01.01.2013 11:29 Genelkurmay´ın İstanbul 13. Ağır Ceza Mahkemesi´ne sunduğu Ergenekon şeması, 29 Aralık 2012 tarihli Habertürk´te yer aldı. Bu şema, 17 Mayıs 2006 Danıştay saldırısından hemen sonra 15 Haziran 2006´da çizilmiş. Danıştay saldırısını gerçekleştiren Alparslan Aslan´ın ilişkili olduğu kişiler şemada yer alıyor. Bunların arasında ilk sırada Doğu Perinçek ve Veli Küçük´ün ismine rastlıyoruz. Aynı sıradaki 2 ismin üzeri kapatılmış. Hemen altta, Muzaffer Tekin´in adı var; altında Milliyetçi çevreleri yönlendiriyor yazıyor. Alparslan Aslan (tetikçi) yakalandı ibaresiyle Muzaffer Tekin´e bağlanıyor. Alparslan Aslan´ın altında, Osman Yıldırım ve İsmail Sağır gibi tetikçiler sıralanıyor. Aynı şemada, Kemal Kerinçsiz, onunla bağlantılı Levent Temiz, Ümit Sayın ve Sevgi Erenerol´un adlarını da görüyoruz.
Danıştay saldırısını takip eden günlerde herkes olayı dincilerin üzerine yıkıp, protesto gösterileri yaparken, demek Genelkurmay, perde arkasında Veli Küçük, Muzaffer Tekin, Kemal Kerinçsiz, Doğu Perinçek gibi kişilerin olduğunu biliyormuş. Saldırıdan 1 ay sonra şemasını bile çizmiş.
Ümraniye´de, 12 Haziran 2007´de bombalar ele geçirilmeseydi, gerçek failler yakalanamayacaktı. Nitekim, Emniyet, Danıştay saldırısını gerçekleştiren Alparslan Aslan ile Muzaffer Tekin´in irtibatından şüphelenerek, bu emekli yüzbaşıyı gözaltına almış, fakat tam delillendirmediği için serbest bırakmak zorunda kalmıştı. O tarihte, Alparslan Aslan´ın 70 yaşında bir din adamı Hacı Salih Kunter´le ilişkisi olduğu ileri sürülüyor ve Danıştay´ın türban kararı sebebiyle Aslan´ın suikasta kalkıştığı belirtiliyordu. Hatta Aslan´ın arabasındaki Vakit gazetesi kupürü, cinayet teşebbüsünün dini duyguları rencide olan bir kişi tarafından gerçekleştirildiğinin kanıtı olarak kullanılmıştı. Kupürde, türban kararını veren Danıştay üyelerinin fotoğrafları mevcuttu.

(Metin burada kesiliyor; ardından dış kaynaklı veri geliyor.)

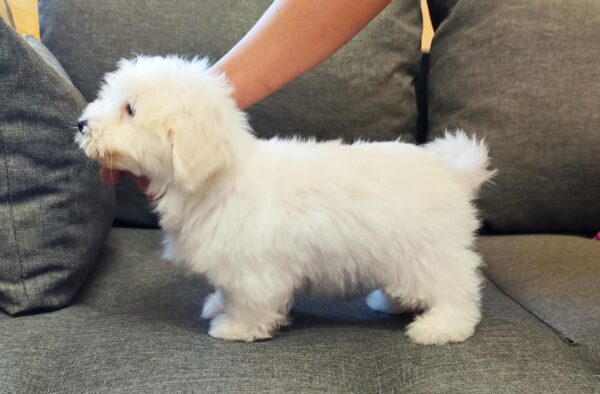 Fredrich Coton De Tulear Fredrich Coton De Tulear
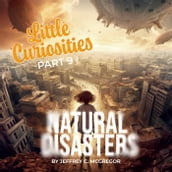 Little Curiosities(Part 9): Natural Disasters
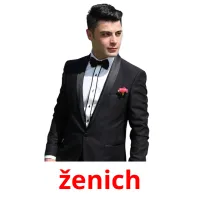 ženich Tarjetas didacticas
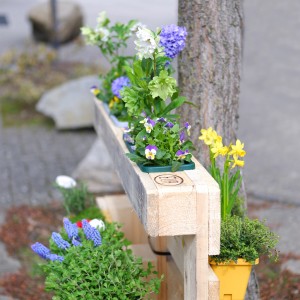 GreenLife Blumenkasten 3er Set, terrabraun, mit verschiedenen Blumen und Kräutern bepflanzt.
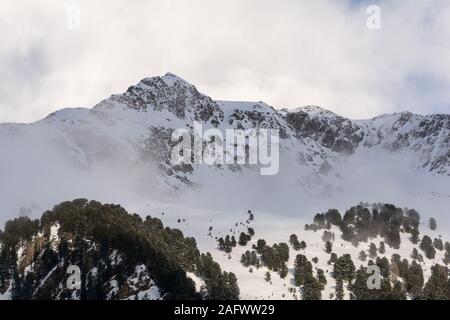 Blick über eine Schweizer Kiefer Pinus cembra Wald und Berge in den österreichischen Alpen. Kaunertal, Tirol. Stockfoto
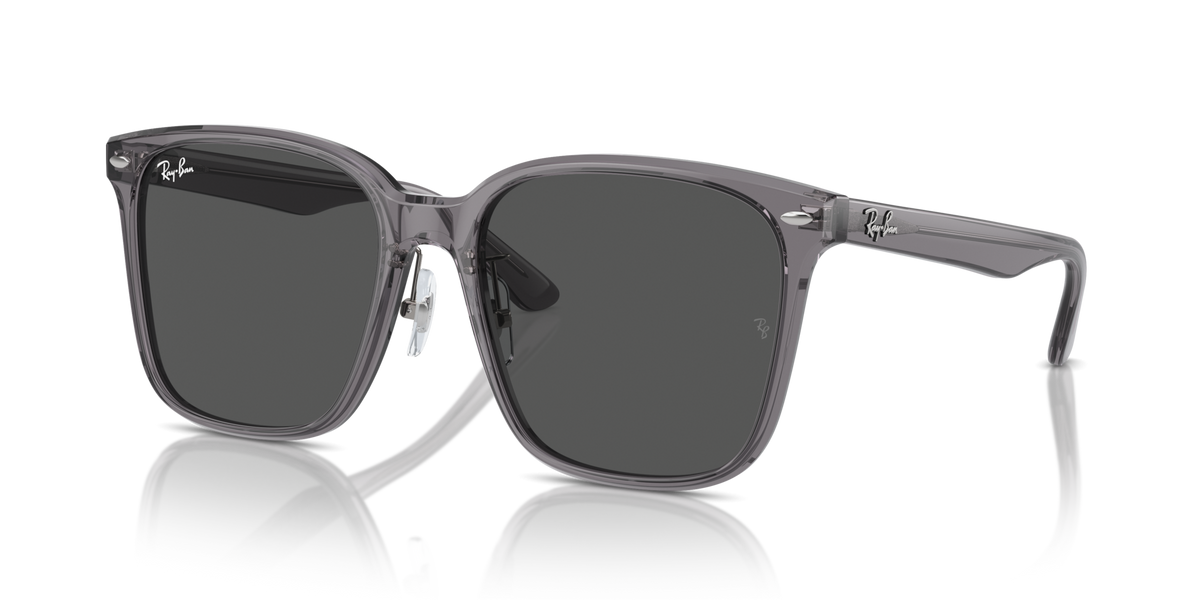 Ray-Ban RB2206D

Daha sonra, bir tertiple ayağı kaydırılan İstanbul İstihbarat Şube Müdürü Ali Fuat Yılmazer´in ısrarlı takibi olmasaydı, Muzaffer Tekin´e, Veli Küçük´e, Doğu Perinçek´e ulaşılamayacaktı. Veli Küçük, Sevgi Erenerol ve Kemal Kerinçsiz´in gözaltına alındığı ve operasyonun adının Ergenekon olarak konulduğu gün (22 Ocak 2008), Aydınlık gazetesinde İşte Fethullahçı polisler diye Yılmazer´in de isminin bulunduğu listenin yayınlanması bir tesadüf müydü?

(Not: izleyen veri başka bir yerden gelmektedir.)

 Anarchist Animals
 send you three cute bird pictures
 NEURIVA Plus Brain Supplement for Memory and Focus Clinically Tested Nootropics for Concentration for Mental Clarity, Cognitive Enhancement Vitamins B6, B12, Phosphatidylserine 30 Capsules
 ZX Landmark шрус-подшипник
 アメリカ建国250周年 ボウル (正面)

Acaba ilk andan itibaren ilişkileri çözen Genelkurmay Başkanlığı Emniyet´e niçin yardımcı olmak istemedi? Tabii şunu da sormak hakkımız: Gerçeği kimler gizledi? Bu gizleyenler, örgütle ilişkili daha üst rütbeli komutanlar olamaz mı?
-Sayın, sakıncalı!-
Genelkurmay Başkanlığı, İstanbul 13. Ağır Ceza Mahkemesi´ne Ergenekon sanığı Ümit Sayın´la ilgili belgeler gönderdi. Bu belgelerin ekinde, Bilgi Notu ve Ümit Sayın başlıklı 2 çalışma bulunuyor. Bilgi Notunda, Ümit Sayın´ın TSK personelinden çoğu hassas görevde olan 2 general ve 3 albayın da aralarında olduğu 20 askerle ilişkisini gösteren bir şema mevcut. Ümit Sayın başlıklı belgede ise, Ülke ve TSK için iyi niyet sahibi olsa bile, diğer bağlantıları, içinde yer aldığı gruplar ve kuruluşlar nedeniyle TSK personelinden uzak tutulması, özellikle bu dönemde temas edilmemesi gereken bir kişi olduğu yazıyor. Hâlâ Ergenekon da neymiş diye burun kıvıranların mahkemeye ulaşan bu bilgiler çerçevesinde biraz daha düşünmesi gerekmez mi? Genelkurmay Başkanlığı, Ümit Sayın hakkında mahkemeye gönderdiği notlarda, Sayın´ın Danıştay olayıyla ilgili oluşturulan şemadaki gruplarla bağlantısından söz etmişti. Mahkeme, bunun üzerine Genelkurmay´dan o şemayı istedi. Şema, 15 Haziran 2006 tarihini taşıyordu. Danıştay saldırısından 1 ay sonra hazırlanmıştı. (Nazlı Ilıcak / Sabah)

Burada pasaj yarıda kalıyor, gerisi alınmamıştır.